How to complete this task: Starting at the line that contains "BlueSpot Tools Blue", restate each line word for word through the final line of the data, keeping both ends.

Input:

# # #

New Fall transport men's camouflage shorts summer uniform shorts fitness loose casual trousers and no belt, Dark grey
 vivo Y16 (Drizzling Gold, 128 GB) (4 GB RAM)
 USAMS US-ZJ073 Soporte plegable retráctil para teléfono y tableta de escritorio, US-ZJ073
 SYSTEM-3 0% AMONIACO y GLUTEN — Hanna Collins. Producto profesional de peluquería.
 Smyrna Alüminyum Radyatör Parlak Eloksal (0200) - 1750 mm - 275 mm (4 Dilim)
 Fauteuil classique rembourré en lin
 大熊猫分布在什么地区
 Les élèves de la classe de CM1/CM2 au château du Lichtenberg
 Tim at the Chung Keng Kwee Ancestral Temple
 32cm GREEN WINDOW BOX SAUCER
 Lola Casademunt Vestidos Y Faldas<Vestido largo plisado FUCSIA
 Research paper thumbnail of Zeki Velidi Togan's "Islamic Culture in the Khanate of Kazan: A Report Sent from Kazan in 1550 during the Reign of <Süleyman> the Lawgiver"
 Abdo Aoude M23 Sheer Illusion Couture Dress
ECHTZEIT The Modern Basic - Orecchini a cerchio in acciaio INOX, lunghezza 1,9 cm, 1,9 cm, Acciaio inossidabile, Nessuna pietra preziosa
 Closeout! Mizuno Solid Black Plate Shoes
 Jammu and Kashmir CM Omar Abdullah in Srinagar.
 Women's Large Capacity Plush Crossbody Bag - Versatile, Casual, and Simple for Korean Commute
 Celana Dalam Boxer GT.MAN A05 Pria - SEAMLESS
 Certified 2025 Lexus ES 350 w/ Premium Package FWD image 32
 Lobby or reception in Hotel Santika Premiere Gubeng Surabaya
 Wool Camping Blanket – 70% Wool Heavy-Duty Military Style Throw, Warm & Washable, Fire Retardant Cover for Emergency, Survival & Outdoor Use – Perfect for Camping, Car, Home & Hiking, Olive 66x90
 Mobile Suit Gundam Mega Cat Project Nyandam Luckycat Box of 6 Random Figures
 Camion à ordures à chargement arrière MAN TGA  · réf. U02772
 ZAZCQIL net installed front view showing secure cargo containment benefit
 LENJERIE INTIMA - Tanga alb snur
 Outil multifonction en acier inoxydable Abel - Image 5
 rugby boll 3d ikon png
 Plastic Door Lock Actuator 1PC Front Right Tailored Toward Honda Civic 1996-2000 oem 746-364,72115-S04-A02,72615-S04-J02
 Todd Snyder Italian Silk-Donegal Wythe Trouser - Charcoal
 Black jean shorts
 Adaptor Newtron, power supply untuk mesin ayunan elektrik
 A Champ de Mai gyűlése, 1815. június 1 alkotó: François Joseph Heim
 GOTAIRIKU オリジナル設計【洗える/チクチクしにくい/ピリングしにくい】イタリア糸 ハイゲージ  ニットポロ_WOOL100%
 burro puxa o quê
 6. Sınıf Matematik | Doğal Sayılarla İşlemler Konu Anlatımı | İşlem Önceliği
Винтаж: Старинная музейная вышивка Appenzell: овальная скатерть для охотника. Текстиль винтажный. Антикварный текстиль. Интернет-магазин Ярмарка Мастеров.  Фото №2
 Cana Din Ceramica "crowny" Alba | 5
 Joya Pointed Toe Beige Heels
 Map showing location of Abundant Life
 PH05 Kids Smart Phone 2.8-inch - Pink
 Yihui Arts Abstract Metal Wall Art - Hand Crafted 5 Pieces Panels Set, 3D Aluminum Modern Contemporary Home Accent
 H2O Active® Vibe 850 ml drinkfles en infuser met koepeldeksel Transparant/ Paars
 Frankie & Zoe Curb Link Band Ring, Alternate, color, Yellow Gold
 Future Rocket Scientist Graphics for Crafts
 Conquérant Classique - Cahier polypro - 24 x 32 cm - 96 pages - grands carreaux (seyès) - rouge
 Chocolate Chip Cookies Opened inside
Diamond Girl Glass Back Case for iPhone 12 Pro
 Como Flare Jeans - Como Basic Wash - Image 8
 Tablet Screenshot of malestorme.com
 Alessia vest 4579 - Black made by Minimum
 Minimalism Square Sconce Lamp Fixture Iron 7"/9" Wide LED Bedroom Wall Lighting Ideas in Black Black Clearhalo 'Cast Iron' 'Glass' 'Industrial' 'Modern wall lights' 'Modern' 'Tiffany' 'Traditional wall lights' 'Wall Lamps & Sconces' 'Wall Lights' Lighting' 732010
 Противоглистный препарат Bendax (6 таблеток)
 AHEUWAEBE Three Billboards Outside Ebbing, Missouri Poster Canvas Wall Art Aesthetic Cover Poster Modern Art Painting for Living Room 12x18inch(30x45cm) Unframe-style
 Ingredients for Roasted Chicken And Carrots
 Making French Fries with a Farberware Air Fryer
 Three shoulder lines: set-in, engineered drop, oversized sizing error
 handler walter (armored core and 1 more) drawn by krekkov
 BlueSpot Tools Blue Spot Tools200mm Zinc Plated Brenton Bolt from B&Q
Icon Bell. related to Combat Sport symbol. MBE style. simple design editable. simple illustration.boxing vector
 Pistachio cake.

# # #

Solution below:
 BlueSpot Tools Blue Spot Tools200mm Zinc Plated Brenton Bolt from B&Q
Icon Bell. related to Combat Sport symbol. MBE style. simple design editable. simple illustration.boxing vector
 Pistachio cake.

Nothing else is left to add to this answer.